Task to carry out - What needs reproducing is the run of lines in the data below starting at the line with "15288 CRAPE MYRTLE RD, Milton, DE 19968" and ending at the line with "Rhythm Pharmaceuticals logo", both ends included. Copy it exactly, without pictures, and add nothing.

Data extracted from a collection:
--- --- ---

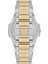 CL130T-02SG Unisex Kol Saati 3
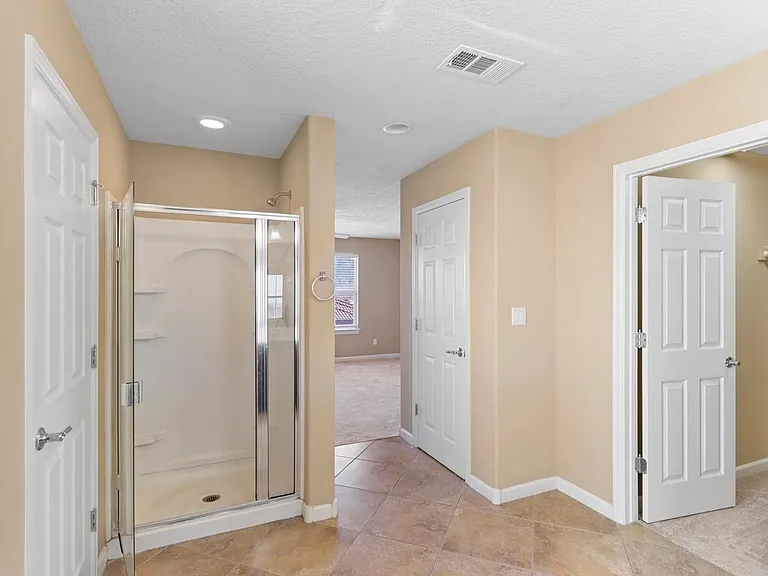 604 Loma Linda Loop NE — Photo 28
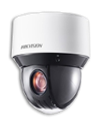 Hikvision DS-2DE4A225IW-DE PTZ IP-видеокамера - фото 1 - id-p91893265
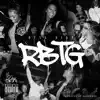 Rich Bitch Gang - Single album lyrics, reviews, download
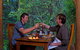 Wollumbin Palms Rainforest Retreat - thumb 3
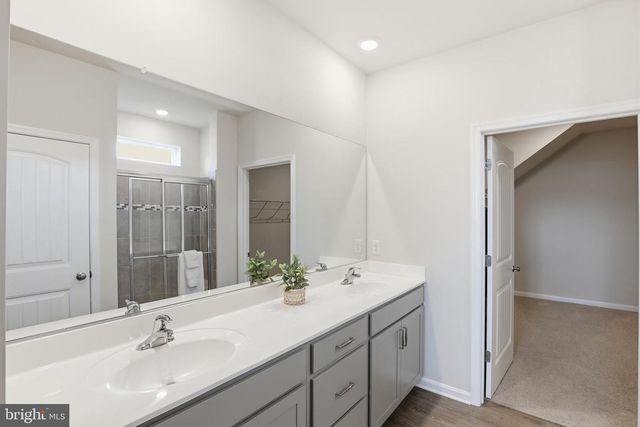 15288 CRAPE MYRTLE RD, Milton, DE 19968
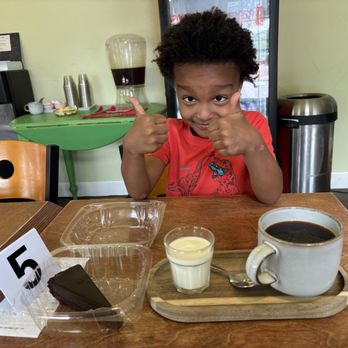 Naturally Cafe - Juice Bars & Smoothies Near Me - New Braunfels, Texas Naturally Cafe - Juice Bars & Smoothies Near Me - New Braunfels, Texas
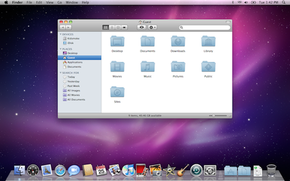 How can I delete the fingerprint data which has saved on a deleted account 290px-Snow_Leopard_Desktop.png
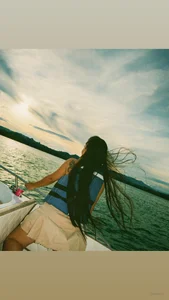 velaryluxurii kullanıcısının ☀️ albümü -  2 fotoğraf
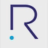 Rhythm Pharmaceuticals logo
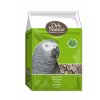 Deli Nature Premium PARROTS velký papoušek 3 kg (12963)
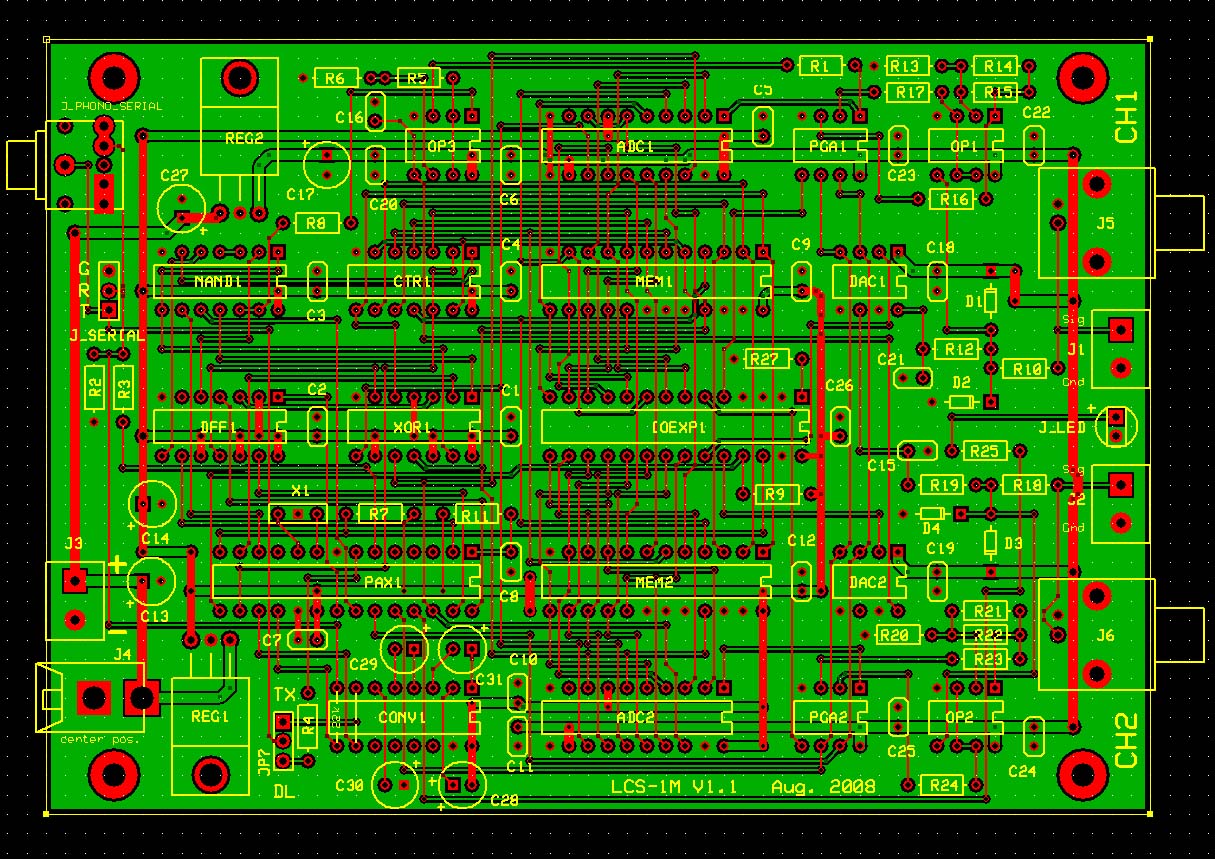 lcs1m_layout.jpg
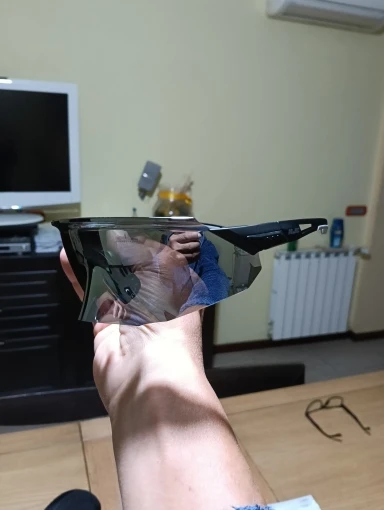 리뷰 사진
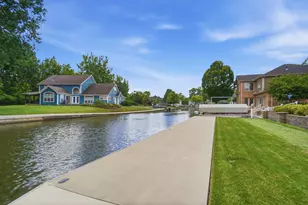 5562 W Hidden Shores Dr, Celina, OH 45822 - Photo 89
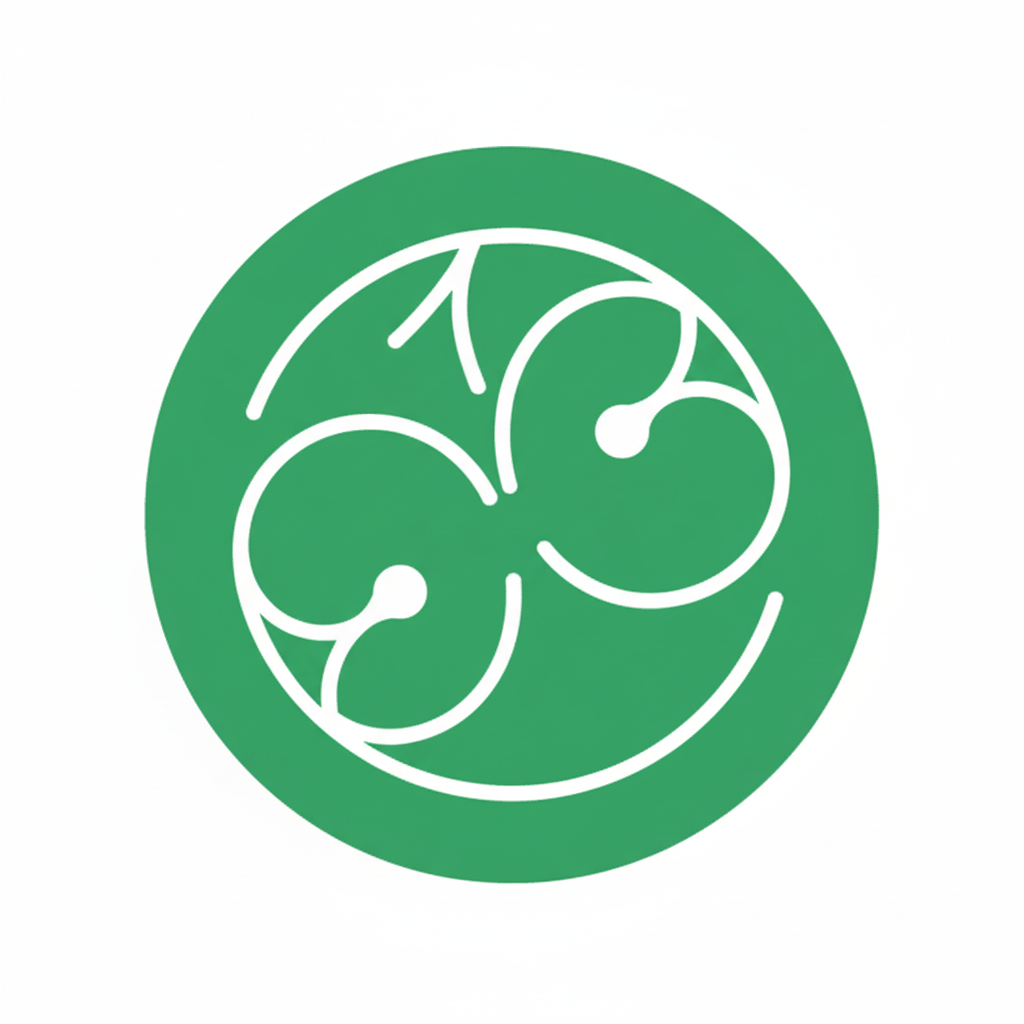 Eurobiotech 2026 – 10th Central European Congress of Life Sciences logo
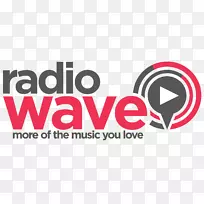 布莱克普尔无线电波96.5 Fylde 96.4调频广播电台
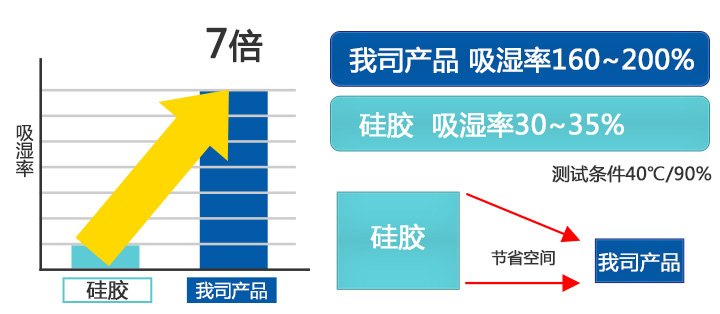 产品图2.jpg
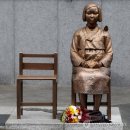 (주)평화비지니스 이미지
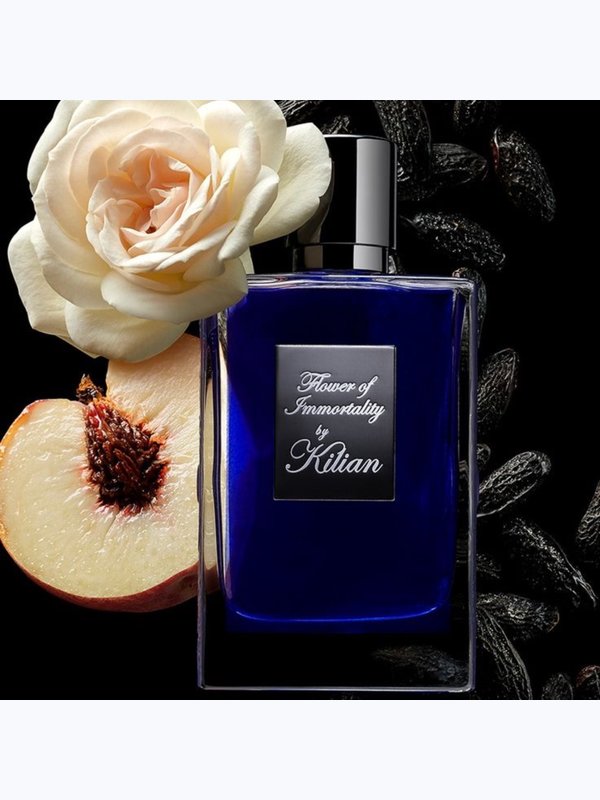 Kilian Flower of Immortality унисекс Парфюмерная вода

--- --- ---

Problem solution -
 15288 CRAPE MYRTLE RD, Milton, DE 19968
 Naturally Cafe - Juice Bars & Smoothies Near Me - New Braunfels, Texas Naturally Cafe - Juice Bars & Smoothies Near Me - New Braunfels, Texas
 How can I delete the fingerprint data which has saved on a deleted account 290px-Snow_Leopard_Desktop.png
 velaryluxurii kullanıcısının ☀️ albümü -  2 fotoğraf
 Rhythm Pharmaceuticals logo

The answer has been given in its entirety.